Having done this, I then turned my thoughts to what could go with my crocodile topping. Crocodile pizza on its own isn’t odd enough, I wanted a creative combination. Remembering the excellent effect that the taste and texture of a sweet mango had given my crocodile skewers, this was something that I wanted to replicate on the pizza. I’ve never really understood the appeal of the “Hawaiian” pizza, the one that comes with ham and pineapple, although that’s partly because ham and pineapple isn’t a combination I like very much at the best of times and, on a pizza, it’s usually cheap versions of both. That’s not to say that the idea that the sorts of meat and fruit combinations that work elsewhere can work on a pizza doesn’t appeal.

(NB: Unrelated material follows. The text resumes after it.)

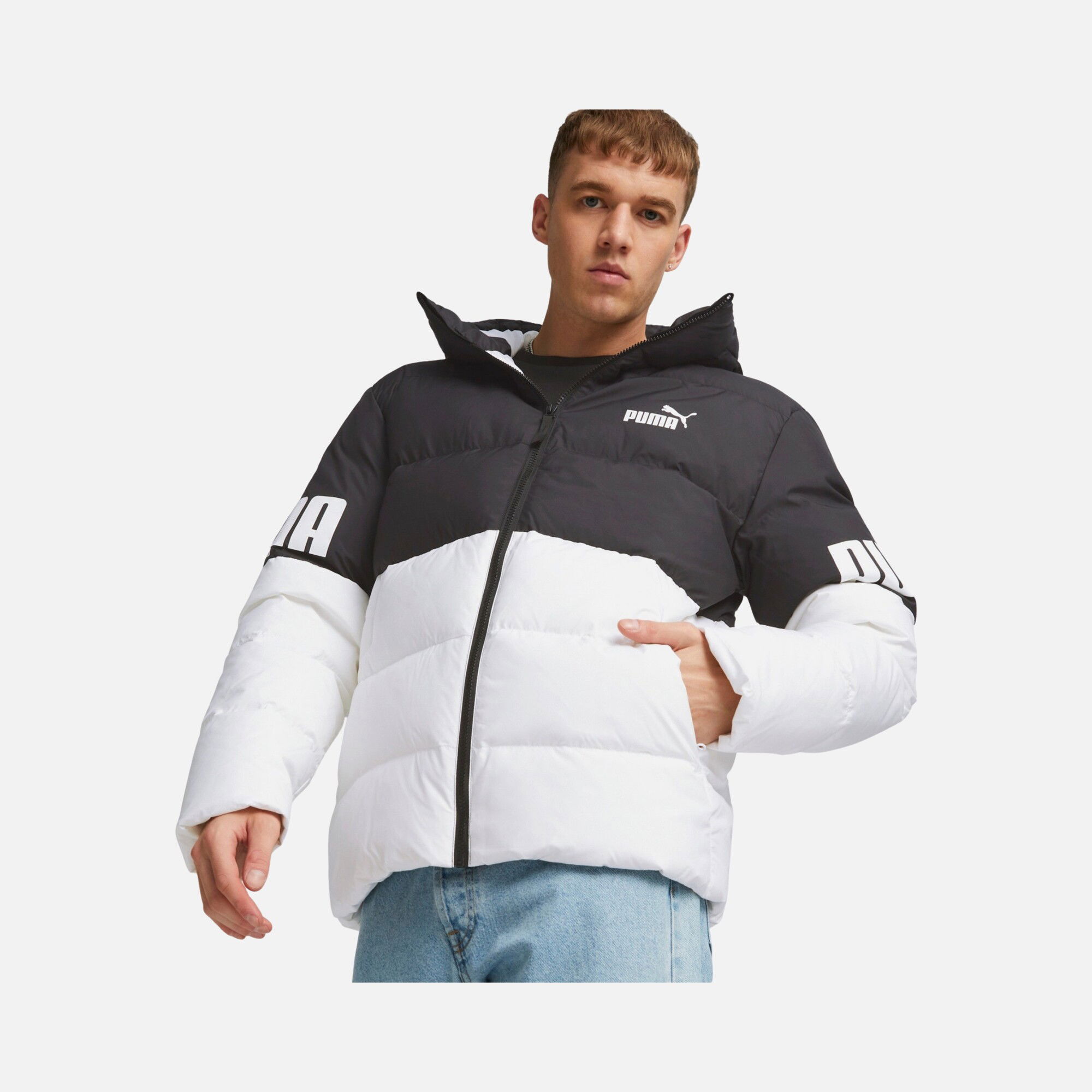 Puma Sportswear Power Down Puffer Full-Zip Hoodie Erkek Mont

Then Professor Plum pointed this recipe out to me. It’s a peach and balsamic pizza. Peach on a pizza? I’d never considered it, but baking peaches or having them in salads is something that definitely works, so why shouldn’t it here? In the end, as I stretched out my pizza dough and made a sauce from tomatoes, garlic, onions and herbs, I settled on a topping that consisted of mozzarella, my marinated diced crocodile, bacon, peaches, rocket and a balsamic reduction.
I fried the crocodile briefly to brown it a little and then added it with the other toppings, bar the rocket and balsamic, to the pizzas I popped them in the oven and invited some fellow Glasto failures around to drown our sorrows in wine and exotic pizza. These special guests have previously appeared in these pages and go by the pseudonyms of Reverend Green and Captain Brown (in the Lounge) and had tasted my crocodile skewers before, so I was interested to see their opinion on this latest tetrapod tastiness.
As the pizza baked, discussion turned to our other options for next summer, which can be summarised as follows:
– Wait for returned tickets to go on sale in the spring and get some then
– Get a job working for Oxfam at the festival
– Move to the village of Pilton and get the tickets offered to locals
– Form a band that makes it big between now and the summer, ensuring that they get booked to play
– Start dating Alexa Chung/Kate Moss/Cara Delevingne/whatever celebrity is sure to manage to get tickets without having to go through the normal process
Given that none of these, including the first one, seem all that likely, it might have to be a case of watching from home and going to a different festival. At least we can hope for one with pizza.
It’s going to be a little while before I can get completely over the crushing disappointment of ticket purchase failure, but you can’t really stay totally mad when there’s good pizza on offer. And this was good pizza. I have to admit that I was a little concerned that all the disparate elements might not come together into something that worked as a whole, but it was a thoroughly pleasant experience. Reverend Green and Captain Brown appeared suitably impressed, and presumably now think we mostly dine on monstrous reptiles round here. All in all a successful evening, even if the morning was a little less so.
Professor Plum in the Dining Room: It wasn’t quite as nice as barbequed crocodile (and it definitely wasn’t as nice as getting Glasto tickets would have been) but it was still tasty, and there’s nothing quite as comfort-foody as homemade pizza. Also, halfway through making it Colonel Mustard turned to me and said “We do eat some weird stuff, don’t we?” which is the first time he’s acknowledged that.